Do historii Justyny wchodzimy w piękne, majowe popołudnie, kiedy spędza czas z
córeczką na placu zabaw. Jej rozmyślania o mężu Tomaszu, bliskości z nim,
codzienności i tym, że udało jej się ułożyć życie mimo wielu przeszkód przerywa
pojawienie się znajomego mężczyzny na placu zabaw. Od pamiętnej imprezy, na
której ją zgwałcił nie widziała go. Sam widok wywołuje w niej panikę. Ma jednak
nadzieję, że jego obecność z dzieckiem na placu zabaw to zbieg okoliczności, że
nie będzie musiała widywać swojego kata codziennie. Ku swojej rozpaczy dowiaduje
się, że zamieszkał dwa domy od niej…
„Tacy jak on, wykorzystują wyłącznie najsłabsze i najbardziej niewinne ofiary.

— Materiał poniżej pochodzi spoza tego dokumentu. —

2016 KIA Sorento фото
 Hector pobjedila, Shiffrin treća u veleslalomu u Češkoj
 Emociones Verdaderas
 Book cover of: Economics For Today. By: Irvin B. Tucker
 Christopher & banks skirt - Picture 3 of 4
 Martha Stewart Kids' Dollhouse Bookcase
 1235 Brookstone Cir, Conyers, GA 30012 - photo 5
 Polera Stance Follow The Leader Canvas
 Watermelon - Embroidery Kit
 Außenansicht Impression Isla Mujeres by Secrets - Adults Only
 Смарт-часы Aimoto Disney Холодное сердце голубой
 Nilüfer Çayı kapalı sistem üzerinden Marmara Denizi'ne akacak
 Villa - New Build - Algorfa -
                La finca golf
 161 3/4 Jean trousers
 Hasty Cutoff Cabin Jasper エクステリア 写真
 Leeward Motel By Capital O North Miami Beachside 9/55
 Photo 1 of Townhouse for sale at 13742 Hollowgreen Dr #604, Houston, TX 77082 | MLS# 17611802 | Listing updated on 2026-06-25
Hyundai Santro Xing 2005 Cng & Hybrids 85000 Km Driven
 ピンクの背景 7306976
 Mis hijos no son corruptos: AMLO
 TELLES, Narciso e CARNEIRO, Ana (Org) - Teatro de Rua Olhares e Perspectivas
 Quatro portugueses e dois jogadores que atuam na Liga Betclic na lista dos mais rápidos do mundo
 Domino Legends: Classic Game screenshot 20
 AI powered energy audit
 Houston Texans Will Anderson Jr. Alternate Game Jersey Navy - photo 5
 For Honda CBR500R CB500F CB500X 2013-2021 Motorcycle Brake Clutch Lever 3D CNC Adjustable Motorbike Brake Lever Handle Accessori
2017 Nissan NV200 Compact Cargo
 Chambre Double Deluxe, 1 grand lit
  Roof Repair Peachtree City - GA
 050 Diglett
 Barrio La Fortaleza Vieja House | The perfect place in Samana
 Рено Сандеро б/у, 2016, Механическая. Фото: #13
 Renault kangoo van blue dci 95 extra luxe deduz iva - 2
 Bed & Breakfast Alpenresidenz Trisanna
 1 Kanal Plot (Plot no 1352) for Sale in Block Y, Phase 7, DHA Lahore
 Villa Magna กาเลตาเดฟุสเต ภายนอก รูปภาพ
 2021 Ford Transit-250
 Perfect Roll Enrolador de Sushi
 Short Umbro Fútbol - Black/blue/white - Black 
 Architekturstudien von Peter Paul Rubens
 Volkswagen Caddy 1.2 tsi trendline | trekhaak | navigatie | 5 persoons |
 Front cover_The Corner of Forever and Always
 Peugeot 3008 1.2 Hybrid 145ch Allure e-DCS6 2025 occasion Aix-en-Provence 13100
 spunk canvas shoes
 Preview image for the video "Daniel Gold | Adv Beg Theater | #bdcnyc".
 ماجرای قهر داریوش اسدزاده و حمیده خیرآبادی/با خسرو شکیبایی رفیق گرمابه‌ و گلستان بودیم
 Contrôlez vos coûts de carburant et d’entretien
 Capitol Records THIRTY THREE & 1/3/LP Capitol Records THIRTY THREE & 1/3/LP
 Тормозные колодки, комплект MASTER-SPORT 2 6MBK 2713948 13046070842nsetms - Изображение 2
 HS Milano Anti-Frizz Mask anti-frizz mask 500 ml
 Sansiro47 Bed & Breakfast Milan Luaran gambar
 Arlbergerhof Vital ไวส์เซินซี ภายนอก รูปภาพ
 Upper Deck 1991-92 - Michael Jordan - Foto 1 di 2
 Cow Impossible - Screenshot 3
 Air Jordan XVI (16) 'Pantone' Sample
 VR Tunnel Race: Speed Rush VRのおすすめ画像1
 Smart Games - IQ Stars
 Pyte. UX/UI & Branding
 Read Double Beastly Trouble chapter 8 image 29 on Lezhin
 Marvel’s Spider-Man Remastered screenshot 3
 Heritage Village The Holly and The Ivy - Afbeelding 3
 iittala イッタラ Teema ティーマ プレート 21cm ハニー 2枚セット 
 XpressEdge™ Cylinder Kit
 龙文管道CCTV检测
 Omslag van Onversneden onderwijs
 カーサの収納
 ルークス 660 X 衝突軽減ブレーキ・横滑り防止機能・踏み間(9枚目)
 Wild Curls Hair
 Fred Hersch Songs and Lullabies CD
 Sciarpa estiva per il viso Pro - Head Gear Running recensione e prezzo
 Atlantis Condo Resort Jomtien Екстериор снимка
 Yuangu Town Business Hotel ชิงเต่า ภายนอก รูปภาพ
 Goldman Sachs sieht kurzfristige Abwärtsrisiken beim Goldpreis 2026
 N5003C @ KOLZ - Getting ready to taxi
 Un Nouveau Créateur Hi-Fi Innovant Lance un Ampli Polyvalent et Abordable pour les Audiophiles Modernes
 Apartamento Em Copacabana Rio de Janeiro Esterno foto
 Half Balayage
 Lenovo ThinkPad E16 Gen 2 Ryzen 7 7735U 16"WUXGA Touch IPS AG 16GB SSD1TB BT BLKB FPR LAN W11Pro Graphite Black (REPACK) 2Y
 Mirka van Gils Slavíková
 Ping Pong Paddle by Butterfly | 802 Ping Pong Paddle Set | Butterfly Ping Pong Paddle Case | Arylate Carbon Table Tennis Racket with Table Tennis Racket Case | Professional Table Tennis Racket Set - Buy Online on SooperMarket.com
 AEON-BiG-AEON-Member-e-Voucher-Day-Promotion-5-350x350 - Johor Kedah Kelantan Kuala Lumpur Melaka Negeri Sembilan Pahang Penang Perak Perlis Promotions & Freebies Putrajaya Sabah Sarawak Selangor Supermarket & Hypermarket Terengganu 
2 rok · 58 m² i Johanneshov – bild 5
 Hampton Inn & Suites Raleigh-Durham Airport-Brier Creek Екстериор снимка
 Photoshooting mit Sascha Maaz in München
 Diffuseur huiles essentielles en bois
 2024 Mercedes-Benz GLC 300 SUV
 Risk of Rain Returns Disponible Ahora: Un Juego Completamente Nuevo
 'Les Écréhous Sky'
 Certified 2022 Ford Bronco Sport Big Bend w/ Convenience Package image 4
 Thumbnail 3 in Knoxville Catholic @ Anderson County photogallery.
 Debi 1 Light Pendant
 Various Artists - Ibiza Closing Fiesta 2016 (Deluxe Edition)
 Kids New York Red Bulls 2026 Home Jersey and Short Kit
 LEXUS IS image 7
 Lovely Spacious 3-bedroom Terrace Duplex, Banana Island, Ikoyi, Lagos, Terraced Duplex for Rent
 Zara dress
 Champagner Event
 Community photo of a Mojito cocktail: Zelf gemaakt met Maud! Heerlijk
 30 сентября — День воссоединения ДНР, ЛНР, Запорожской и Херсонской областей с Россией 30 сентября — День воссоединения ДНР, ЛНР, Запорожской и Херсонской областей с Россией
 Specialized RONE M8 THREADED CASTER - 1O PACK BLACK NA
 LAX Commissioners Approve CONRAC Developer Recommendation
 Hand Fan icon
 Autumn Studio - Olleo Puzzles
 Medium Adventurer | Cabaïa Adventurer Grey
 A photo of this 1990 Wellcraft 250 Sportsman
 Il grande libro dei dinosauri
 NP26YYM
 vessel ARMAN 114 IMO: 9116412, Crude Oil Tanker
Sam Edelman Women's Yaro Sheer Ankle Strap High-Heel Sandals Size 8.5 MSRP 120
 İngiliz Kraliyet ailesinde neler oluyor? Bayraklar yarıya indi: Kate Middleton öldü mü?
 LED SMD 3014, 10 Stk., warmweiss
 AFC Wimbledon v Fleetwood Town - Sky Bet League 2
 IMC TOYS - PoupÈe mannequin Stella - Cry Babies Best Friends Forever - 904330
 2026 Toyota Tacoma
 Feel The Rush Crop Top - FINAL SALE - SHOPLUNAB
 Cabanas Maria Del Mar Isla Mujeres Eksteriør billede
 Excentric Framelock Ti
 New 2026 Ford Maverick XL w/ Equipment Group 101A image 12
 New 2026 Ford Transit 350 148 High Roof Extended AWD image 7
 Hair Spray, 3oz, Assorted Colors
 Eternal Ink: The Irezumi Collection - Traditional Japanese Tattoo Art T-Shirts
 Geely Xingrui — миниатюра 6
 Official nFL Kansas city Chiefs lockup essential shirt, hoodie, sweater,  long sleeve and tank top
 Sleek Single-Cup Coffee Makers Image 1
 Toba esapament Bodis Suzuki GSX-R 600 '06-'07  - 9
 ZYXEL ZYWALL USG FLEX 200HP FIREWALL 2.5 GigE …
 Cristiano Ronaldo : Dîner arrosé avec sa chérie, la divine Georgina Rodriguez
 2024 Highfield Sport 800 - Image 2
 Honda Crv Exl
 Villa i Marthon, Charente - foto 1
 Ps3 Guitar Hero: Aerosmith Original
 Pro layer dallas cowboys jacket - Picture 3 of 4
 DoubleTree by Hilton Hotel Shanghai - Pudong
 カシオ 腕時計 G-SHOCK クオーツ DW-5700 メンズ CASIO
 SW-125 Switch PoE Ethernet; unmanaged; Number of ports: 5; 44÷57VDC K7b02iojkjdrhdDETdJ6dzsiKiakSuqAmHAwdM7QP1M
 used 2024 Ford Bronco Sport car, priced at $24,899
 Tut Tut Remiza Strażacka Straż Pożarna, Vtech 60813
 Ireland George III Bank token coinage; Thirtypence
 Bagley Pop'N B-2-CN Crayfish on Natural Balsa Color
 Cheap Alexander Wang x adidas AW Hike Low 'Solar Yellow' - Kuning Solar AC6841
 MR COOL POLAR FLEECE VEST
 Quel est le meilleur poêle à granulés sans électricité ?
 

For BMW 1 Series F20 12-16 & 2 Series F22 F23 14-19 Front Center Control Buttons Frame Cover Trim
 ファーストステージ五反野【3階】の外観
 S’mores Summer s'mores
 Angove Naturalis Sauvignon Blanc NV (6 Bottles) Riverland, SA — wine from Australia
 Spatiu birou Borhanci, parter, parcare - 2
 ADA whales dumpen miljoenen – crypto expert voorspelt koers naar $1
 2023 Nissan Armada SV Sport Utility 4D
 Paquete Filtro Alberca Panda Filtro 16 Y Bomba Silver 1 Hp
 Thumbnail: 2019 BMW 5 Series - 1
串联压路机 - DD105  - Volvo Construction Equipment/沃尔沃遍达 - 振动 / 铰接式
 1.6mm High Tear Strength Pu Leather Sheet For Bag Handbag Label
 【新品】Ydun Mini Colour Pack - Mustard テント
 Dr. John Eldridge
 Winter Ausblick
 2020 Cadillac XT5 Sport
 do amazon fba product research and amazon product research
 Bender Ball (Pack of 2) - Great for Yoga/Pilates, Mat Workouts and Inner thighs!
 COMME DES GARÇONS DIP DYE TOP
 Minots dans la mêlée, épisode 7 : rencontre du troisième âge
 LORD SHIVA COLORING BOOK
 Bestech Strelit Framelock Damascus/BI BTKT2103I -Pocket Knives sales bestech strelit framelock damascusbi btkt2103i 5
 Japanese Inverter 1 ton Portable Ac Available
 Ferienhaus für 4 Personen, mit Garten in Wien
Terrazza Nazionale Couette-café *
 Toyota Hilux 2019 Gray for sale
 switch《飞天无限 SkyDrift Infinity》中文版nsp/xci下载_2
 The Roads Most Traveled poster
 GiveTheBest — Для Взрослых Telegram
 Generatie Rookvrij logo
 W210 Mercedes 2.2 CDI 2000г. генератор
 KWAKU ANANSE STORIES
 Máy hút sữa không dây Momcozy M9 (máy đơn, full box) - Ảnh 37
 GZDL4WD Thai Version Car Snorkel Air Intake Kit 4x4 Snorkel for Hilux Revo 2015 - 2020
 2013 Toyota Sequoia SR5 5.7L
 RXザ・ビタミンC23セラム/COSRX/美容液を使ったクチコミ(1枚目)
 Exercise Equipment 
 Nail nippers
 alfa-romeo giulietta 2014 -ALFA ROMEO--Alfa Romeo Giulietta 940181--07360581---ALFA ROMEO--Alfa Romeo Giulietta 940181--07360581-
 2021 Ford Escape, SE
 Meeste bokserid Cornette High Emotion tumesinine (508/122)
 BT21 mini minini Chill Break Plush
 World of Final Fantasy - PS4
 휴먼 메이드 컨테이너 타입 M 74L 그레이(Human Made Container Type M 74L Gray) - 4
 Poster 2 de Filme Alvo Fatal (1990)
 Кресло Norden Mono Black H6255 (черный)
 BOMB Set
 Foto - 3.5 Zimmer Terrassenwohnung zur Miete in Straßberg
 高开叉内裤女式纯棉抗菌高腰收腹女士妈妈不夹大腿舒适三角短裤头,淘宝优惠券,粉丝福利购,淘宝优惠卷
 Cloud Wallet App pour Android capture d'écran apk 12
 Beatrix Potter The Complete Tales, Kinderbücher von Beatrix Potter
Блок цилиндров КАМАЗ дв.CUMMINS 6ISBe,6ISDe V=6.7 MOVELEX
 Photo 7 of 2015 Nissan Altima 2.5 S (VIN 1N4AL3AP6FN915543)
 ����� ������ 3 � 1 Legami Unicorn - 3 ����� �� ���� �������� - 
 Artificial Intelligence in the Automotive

Bez skrupułów zgwałcił dziewiętnastoletnią studentkę pierwszego roku architektury,
ale nie odważy się zrobić tego dojrzałej kobiecie, żonie i matce, w dodatku
żyjącej w sąsiedztwie, tego byłam pewna. Tacy jak on, starannie skrywają to,
kim są, nosząc nieprzeniknione maski idealnych mężów, ojców i sąsiadów. Jednak już
sama świadomość, że pewnie niebawem gdzieś na niego wpadnę, była dla mnie nie do
zniesienia”.
O czasu pojawienia się gwałciciela w okolicy Justyna czuje panikę. Próbuje
poradzić sobie z emocjami i jednocześnie zachować pozory. Jakby wyzwań było
mało od Tomasza dowiaduje się, że nowy sąsiad to fajny i przedsiębiorczy
człowiek, z którym lubi się spotykać. Relacja między ojcem jej najstarszego
dziecka i mężem się zacieśnia. Mężczyźni coraz częściej się spotykają. Justyna
czuje się osaczona i jednocześnie boi się powiedzieć ukochanemu, kim dla niej jest
Mariusz. Kobieta jest coraz bardziej nerwowa i spięta. Rozmyśla o przeszłości,
trudnych chwilach i tym, co się stanie, gdy ktokolwiek pozna prawdę.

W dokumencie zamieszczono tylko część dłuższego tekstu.